Work order:
Each line with the string "Buckle" is to be copied from the records below.

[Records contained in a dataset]
____
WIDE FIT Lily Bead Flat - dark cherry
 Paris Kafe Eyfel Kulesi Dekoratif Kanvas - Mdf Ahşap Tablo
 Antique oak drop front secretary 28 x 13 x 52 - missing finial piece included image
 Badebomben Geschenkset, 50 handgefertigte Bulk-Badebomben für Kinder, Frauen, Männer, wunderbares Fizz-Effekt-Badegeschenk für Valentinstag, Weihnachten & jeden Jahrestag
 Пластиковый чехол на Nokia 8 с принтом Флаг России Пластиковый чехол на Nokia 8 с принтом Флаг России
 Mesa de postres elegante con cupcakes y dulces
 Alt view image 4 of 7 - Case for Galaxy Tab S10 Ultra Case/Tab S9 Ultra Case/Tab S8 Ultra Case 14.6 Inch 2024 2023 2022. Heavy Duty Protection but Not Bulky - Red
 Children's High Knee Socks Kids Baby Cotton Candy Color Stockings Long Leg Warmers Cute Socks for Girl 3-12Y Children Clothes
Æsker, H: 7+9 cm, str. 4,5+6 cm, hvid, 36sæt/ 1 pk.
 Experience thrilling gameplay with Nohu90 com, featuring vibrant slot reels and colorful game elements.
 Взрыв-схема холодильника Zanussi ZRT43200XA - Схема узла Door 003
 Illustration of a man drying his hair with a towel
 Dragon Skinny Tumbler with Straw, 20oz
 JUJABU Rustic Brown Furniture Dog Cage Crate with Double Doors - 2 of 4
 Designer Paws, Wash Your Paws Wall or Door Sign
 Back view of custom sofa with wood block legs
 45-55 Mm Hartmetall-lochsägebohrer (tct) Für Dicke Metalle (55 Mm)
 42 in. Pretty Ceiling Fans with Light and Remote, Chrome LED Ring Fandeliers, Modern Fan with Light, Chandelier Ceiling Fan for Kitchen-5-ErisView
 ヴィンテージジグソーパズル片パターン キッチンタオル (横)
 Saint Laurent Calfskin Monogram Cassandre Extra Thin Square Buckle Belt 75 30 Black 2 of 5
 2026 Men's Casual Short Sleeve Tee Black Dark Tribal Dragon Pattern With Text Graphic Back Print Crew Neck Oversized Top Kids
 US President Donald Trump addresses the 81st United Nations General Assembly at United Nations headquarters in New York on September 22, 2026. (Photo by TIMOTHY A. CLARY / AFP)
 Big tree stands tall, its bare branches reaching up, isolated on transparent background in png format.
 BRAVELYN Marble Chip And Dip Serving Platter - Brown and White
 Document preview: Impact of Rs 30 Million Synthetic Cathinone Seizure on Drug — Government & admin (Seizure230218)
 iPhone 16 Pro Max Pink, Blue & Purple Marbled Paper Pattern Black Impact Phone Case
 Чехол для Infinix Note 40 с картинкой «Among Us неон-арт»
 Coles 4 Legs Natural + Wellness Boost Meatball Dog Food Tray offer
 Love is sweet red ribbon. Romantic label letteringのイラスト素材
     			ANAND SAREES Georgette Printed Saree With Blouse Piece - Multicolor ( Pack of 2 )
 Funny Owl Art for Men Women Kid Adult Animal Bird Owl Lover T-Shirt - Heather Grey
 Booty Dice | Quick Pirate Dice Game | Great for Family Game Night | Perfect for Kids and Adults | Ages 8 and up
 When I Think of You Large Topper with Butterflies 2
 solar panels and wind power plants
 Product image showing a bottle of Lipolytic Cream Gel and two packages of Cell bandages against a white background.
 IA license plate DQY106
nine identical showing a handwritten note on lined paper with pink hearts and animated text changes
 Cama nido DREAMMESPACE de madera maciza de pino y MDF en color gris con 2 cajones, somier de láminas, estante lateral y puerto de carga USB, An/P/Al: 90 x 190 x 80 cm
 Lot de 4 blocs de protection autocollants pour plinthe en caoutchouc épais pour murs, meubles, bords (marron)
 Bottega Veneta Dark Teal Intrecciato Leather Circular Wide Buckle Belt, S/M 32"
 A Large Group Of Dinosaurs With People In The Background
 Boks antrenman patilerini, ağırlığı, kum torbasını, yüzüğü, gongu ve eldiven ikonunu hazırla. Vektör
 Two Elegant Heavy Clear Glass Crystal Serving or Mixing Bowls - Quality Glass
____
Solution for this exercise:
 Saint Laurent Calfskin Monogram Cassandre Extra Thin Square Buckle Belt 75 30 Black 2 of 5
 Bottega Veneta Dark Teal Intrecciato Leather Circular Wide Buckle Belt, S/M 32"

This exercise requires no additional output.